1) If I only considered ANSI/IEEE requirement that CT ratio must give less than 100 secondary Amperes.
What happen if this is not hold?
I have seen that some relay manufacturer state that relay may support much more than this value, but ANSI standard recommends to choose CT Ratio based on getting less than 100 secondary Amperes.
Is it really important to get less than 100 A or not?
I mean, is it any effect on the CT because of this high current? (and this effect is something different from saturation!)

2) I was reading IEC standard and there is not a recommendation of having less than 100 secondary A like ANSI.

Does anybody have a good reference or example to size CT's based exclusively on IEC standard?
ANSI standard gives at least two examples that can be followed and get a clear idea, however, IEC does not.

Best Regards
 
If you get the desired performance and nothing is damaged, what would be the issue. 100A secondary (more correctly 20x rated secondary) is the point at which you have 10% error into a standard burden. Less burden can mean more current for the same knee point voltage. I'd hate to ever see a CT applied so that an IEC CT had 100A on the secondary as that would generally be 100x rated secondary.
 
Good point about 5 amp and 1 amp CT's, however we are seeing more and more 1 amp CT's here in the US. Fortunitually these are in distribution applications and in high ratio types that keep the current low.
 
Alan: If you have a CT ratio that works, forget about the ANSI standard.

Remember that as long as your CT can provide the secondary current necessary to active your relay to trip than it doesn't matter if you go into saturation (again - another general comment, but usually holds true).

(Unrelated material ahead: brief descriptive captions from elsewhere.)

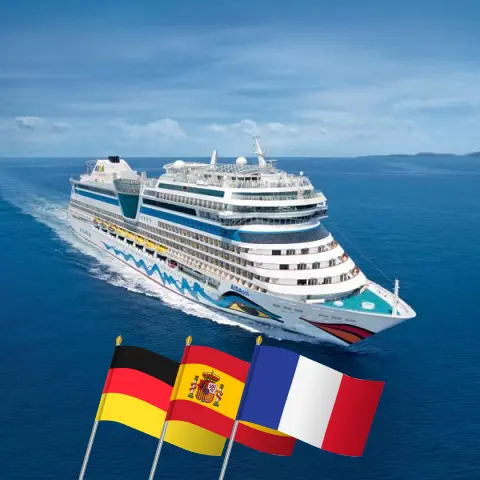 Croisière en Europe de l`Ouest depuis Hambourg à bord du navire AIDAsol avec des visites en Allemagne, en Espagne et en France pendant 13 jours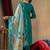 Teal embroidered roman silk kurta set with dupatta
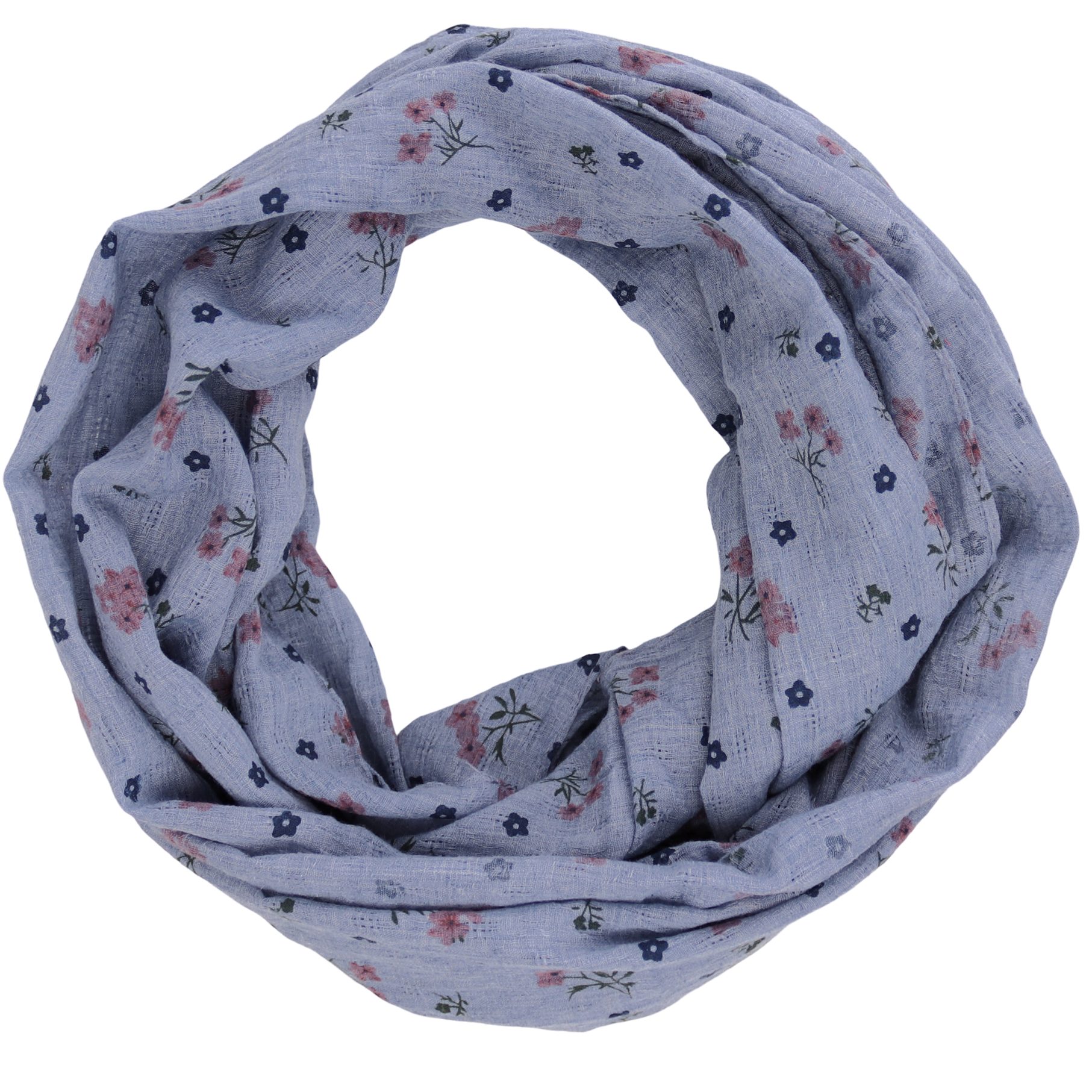 Loop Damen Schal mit Blumen-Muster Weich aus 100% Baumwolle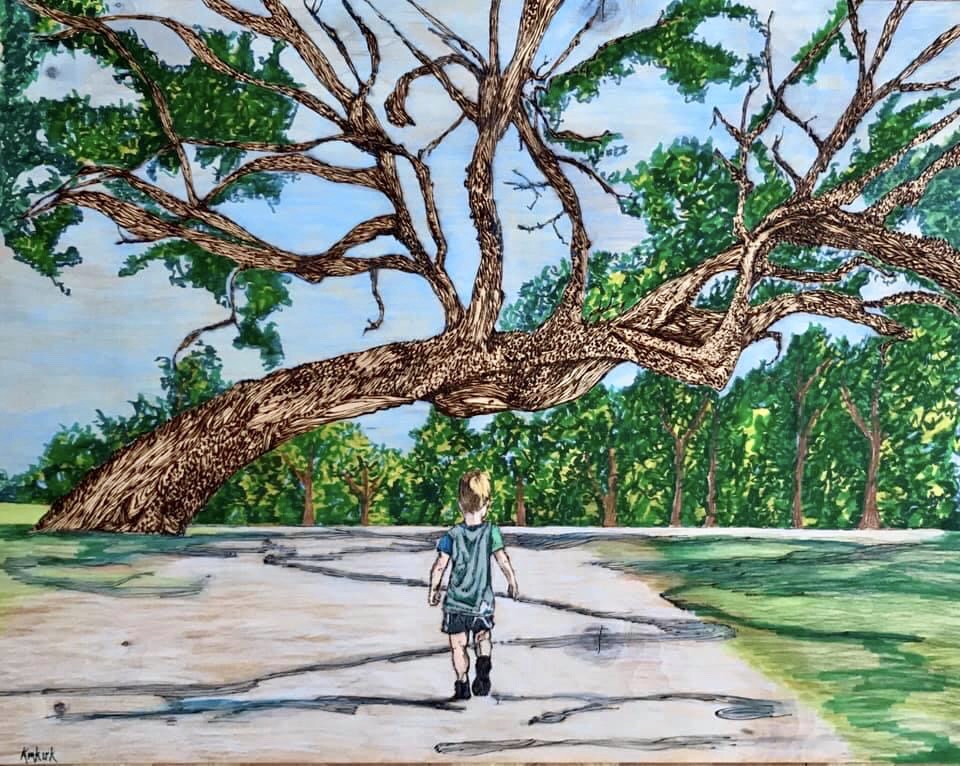 A painting of a person standing under a large tree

I often find myself very confused when I see discussions about different standards in this forum. The utility I work for governs itself and we are not subject to ANSI, IEEE, NEC, etc... We have developed our own standards that I've been told either meet or exceed other industry standards. Often i find myself at a disadvantage because of this.
 
I don't understand what is standard 100A.. more or less.
What David and Mark saied, if CT provide a needed secondary current, all well.
Protective relay have a 40In setting. Only check thar relay and CT will no dameged, it's all.
Lot of application for MV have a "small" CT ( 50-100A) with SC aboyt 25-40kA.

Best Regards.
Slava.

Mark, btw, we have also our own standard.